"If I buy the print, I get the negative, right?" Had a fairly long discussion over that one, and didn't sway his position.
"Three red dots?" I was allowed to exhibit some B&W prints in a local art club show and the question came from the resident dreamy landscape watercolorist hero who had single red dots (indicating a sale) on the title labels of his paintings, while one of my prints had three red dots. I smiled and said, "It's the nature of the medium".
After high school I went to a fine arts college as my first real step to being a photographer. My entrance portfolio was 4x5 contact prints with no drawings or paintings at all. They were made when I had access to a real darkroom for the first time (besides my parents laundry room where I had been developing negatives) and were made with about two months of printing experience. The teachers said I got into their colleges fine arts programme on the strength of my compositions, but that my printing needed work. I took the same portfolio to the head of the same schools photography programme and he said, "Your printing is good but your compositions are weak" I knew I had chosen the right path!
I once took my prints to someone who had seen some international acclaim as a news photographer and who just so happened to be in our small town. While flipping through my nature photographs he chuckled softly and said quietly to himself, "I remember taking photos like this"

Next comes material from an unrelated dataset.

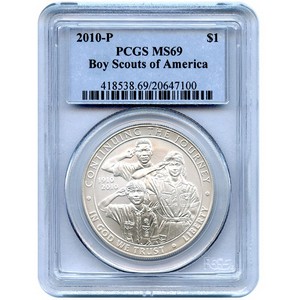 2010 P Boy Scouts of America Silver Dollar MS69 PCGS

I'm pretty confident in myself, thick skinned, and don't let others viewpoints dent my self worth, but that comment stung. A lot. It was only after ruminating over it for a few days that I realized it stung because there was a kernel of truth in it. They were pretty, controlled compositions in an easy-on-the-eyes style. There was no "me" in them, didn't necessarily accentuate what made me stop to photograph the scene in the first place, and were safe, tightly controlled compositions. I immediately launched into a balanced imbalance series of images and it changed the trajectory of my photography for the better.